◆ **EXERCISE GOAL**
Among the entries below, copy only the span from the line containing "Una fuerza de" through the line containing "Collection of hand". Do so exactly, and skip the pictures.

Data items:
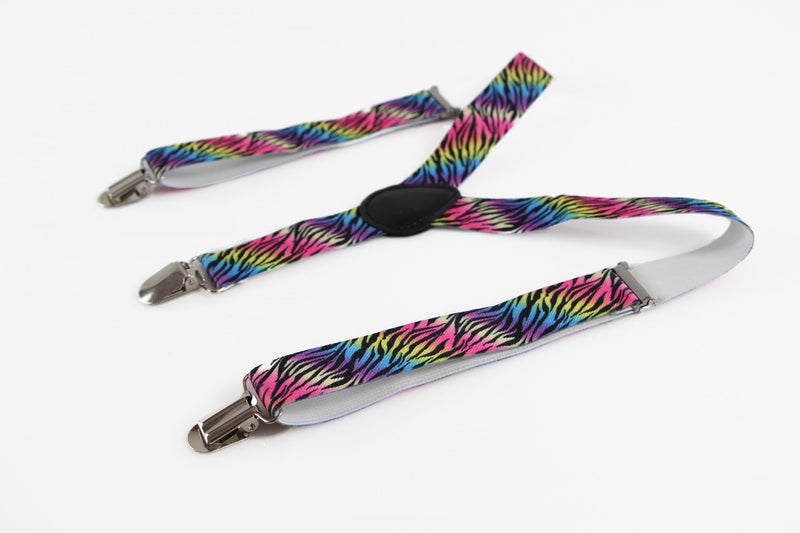 Boys Adjustable Bright Rainbow Zebra Patterned Suspenders - Zasel Home of Big Brands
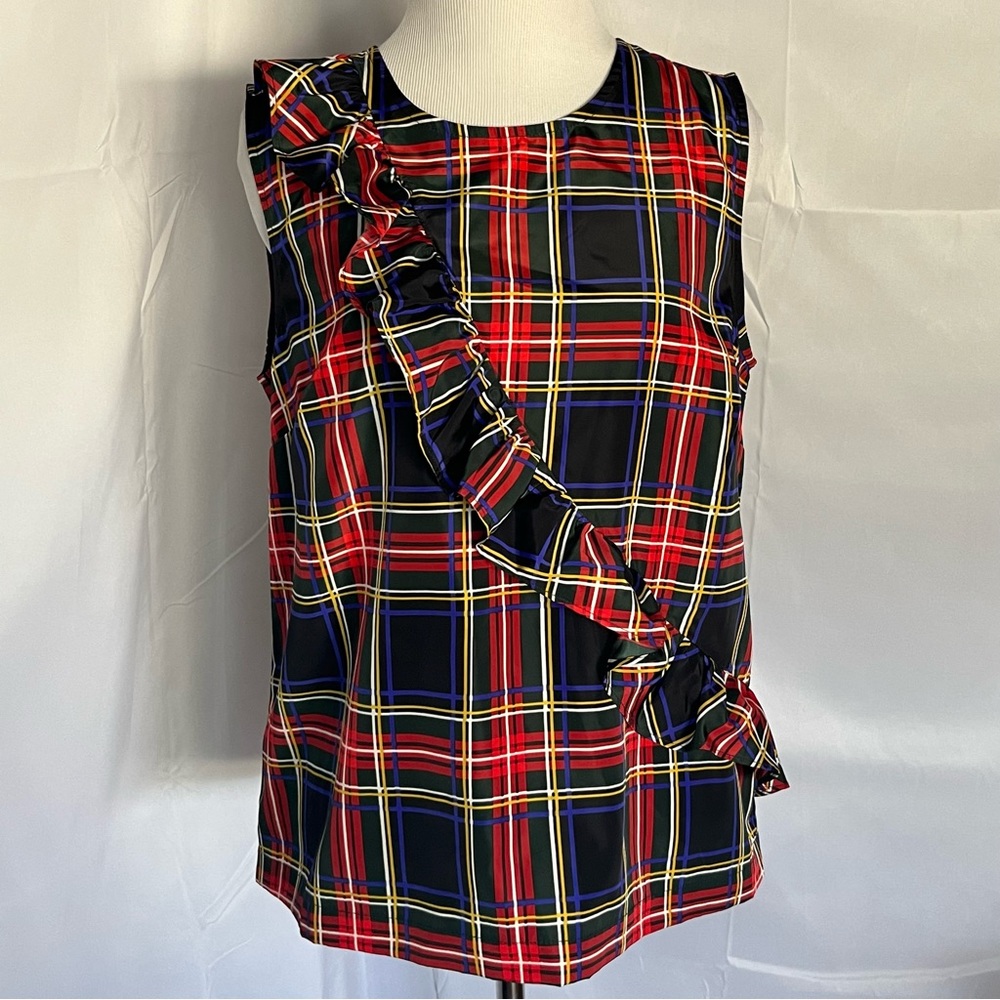 J. Crew sleeveless tartan plaid top with diagonal ruffle Red Blue‎ Plaid Size 6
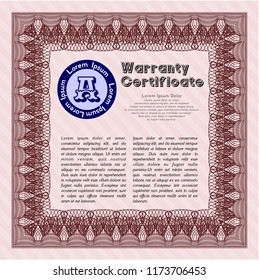 Red Vintage Warranty Certificate template. Good design. With guilloche pattern. Detailed. 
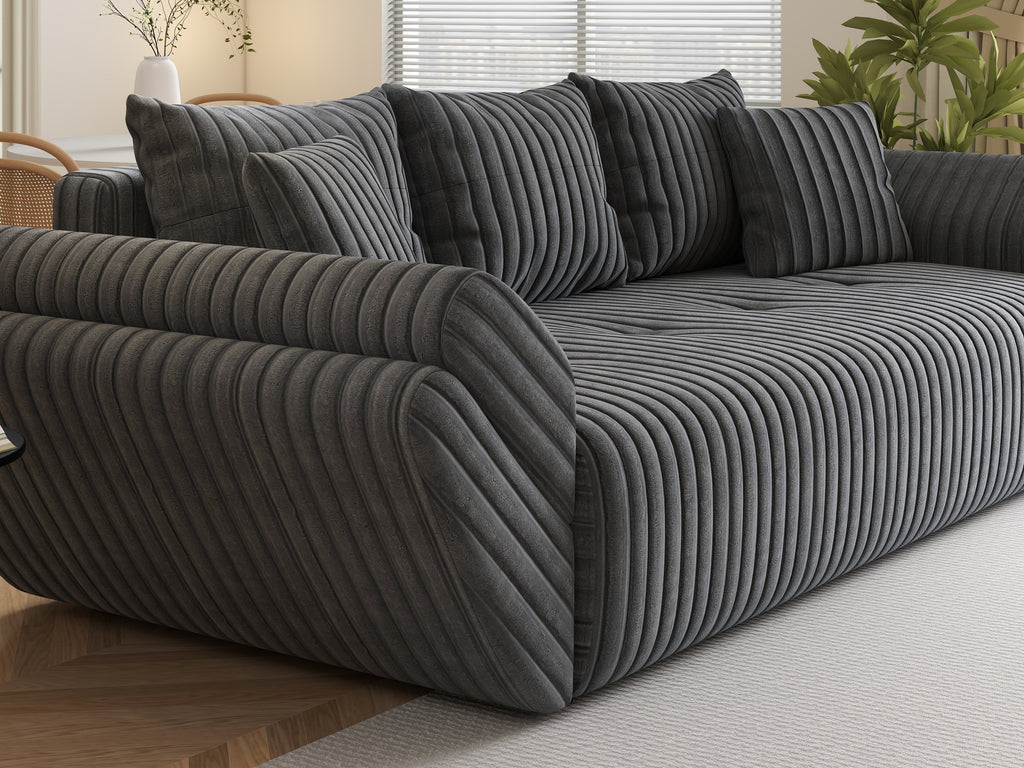 Canapea extensibilă dumonde cu ladă de depozitare si sezut confortabil din spuma high-density, Berlin Ambience Grey 250x100 cm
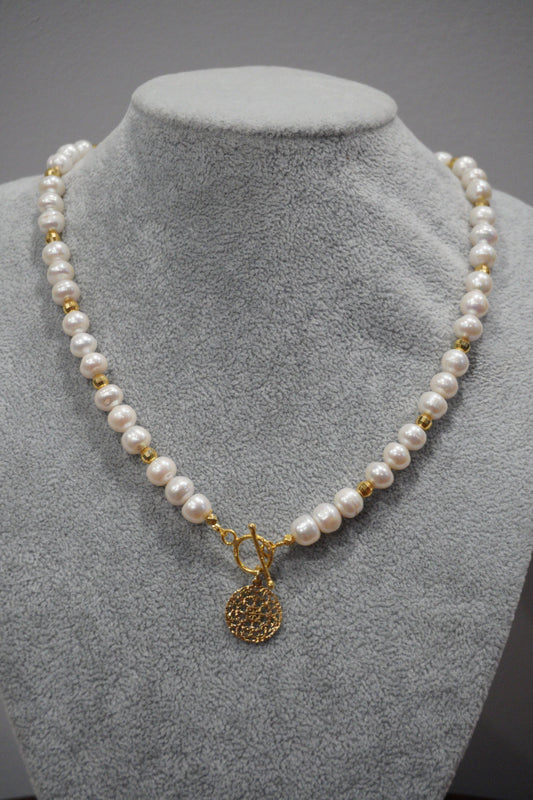 Naszyjnik, perła hodowlana, srebro pozłacane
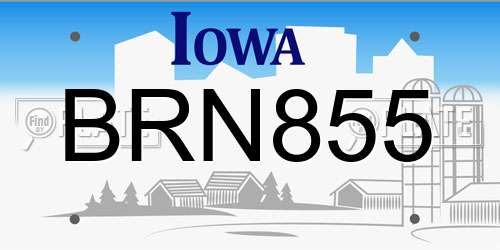 BRN855 Iowa License Plate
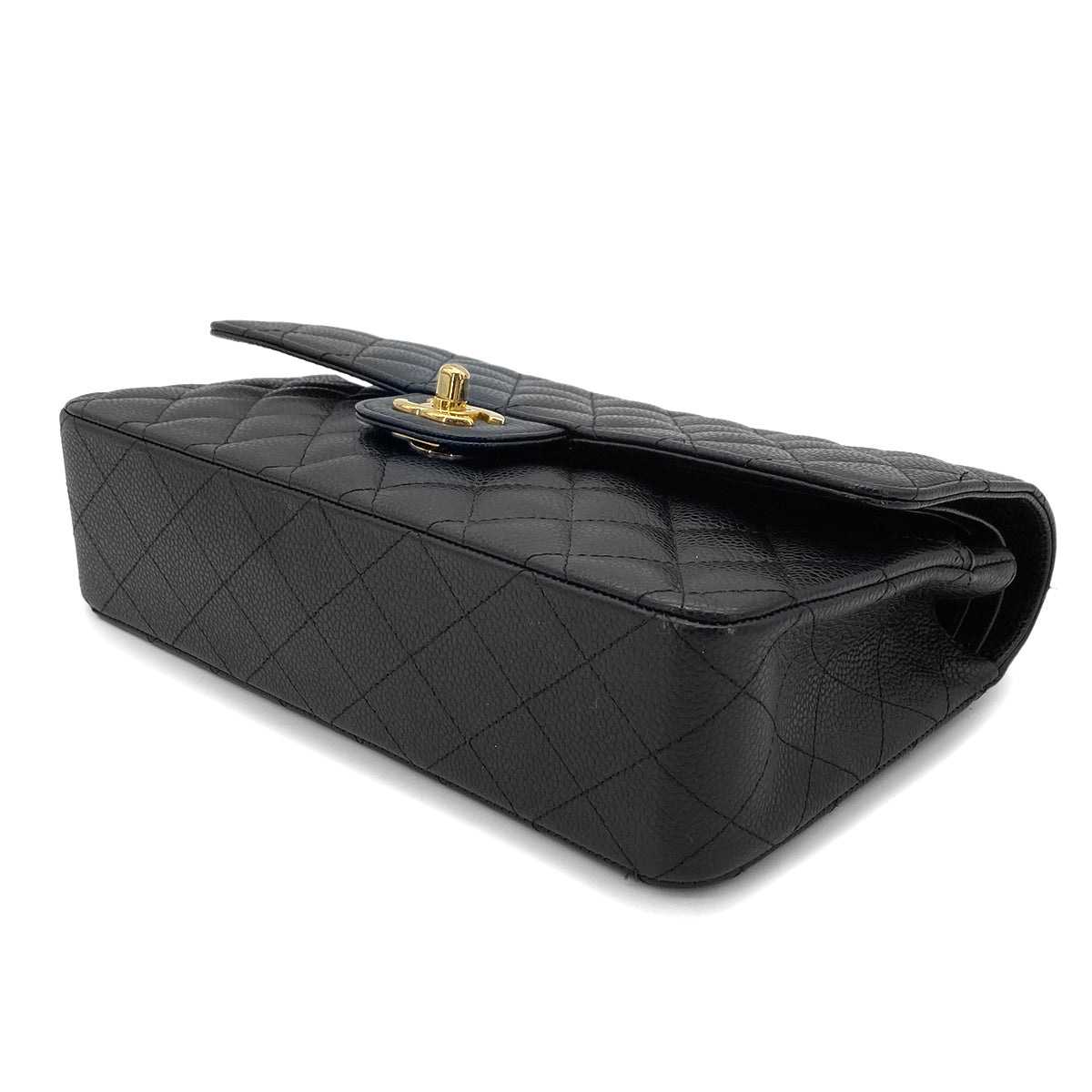 CHANEL CLASSIC FLAP MEDIUM CHAIN SHOULDER BAG BLACK CAVIAR SKIN 90275975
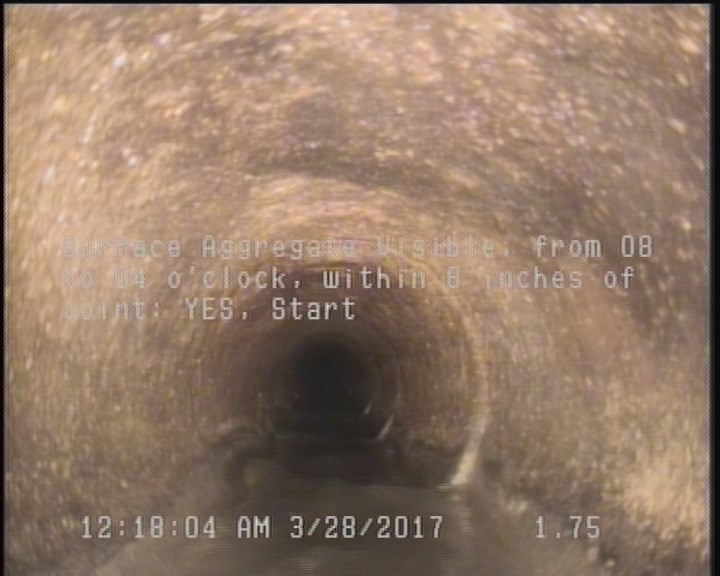 Surface Aggregate Visible, from 08 to 04 o'clock, within 8 inches of joint: YES, Start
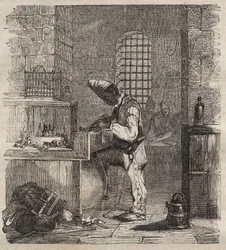 Una fuerza de trabajo en el Bagne de Brest en el siglo XIX. Grabado en “Histoire des bagnes depuis leur création à nos jours” (1877) de Pierre Zaccone (1817-1895). Colección privada.
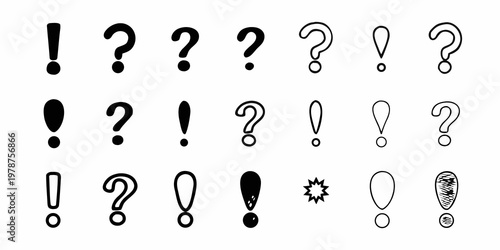Collection of hand drawn question marks and exclamation points on white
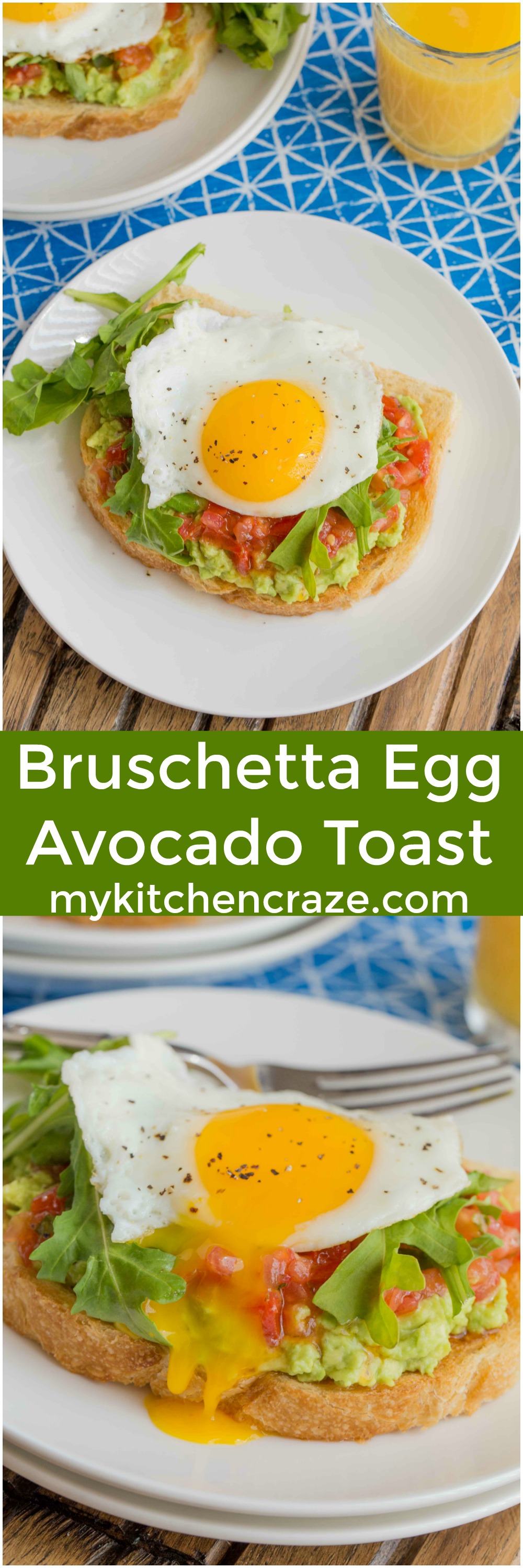 Bruschetta Egg Avocado Toast ~ mykitchencraze.com ~ Sourdough toast loaded with avocado, bruschetta and arugula, then topped with an egg. Perfect way to start your morning!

◆ **SOLUTION FOR THIS EXERCISE**
 Una fuerza de trabajo en el Bagne de Brest en el siglo XIX. Grabado en “Histoire des bagnes depuis leur création à nos jours” (1877) de Pierre Zaccone (1817-1895). Colección privada.
Collection of hand drawn question marks and exclamation points on white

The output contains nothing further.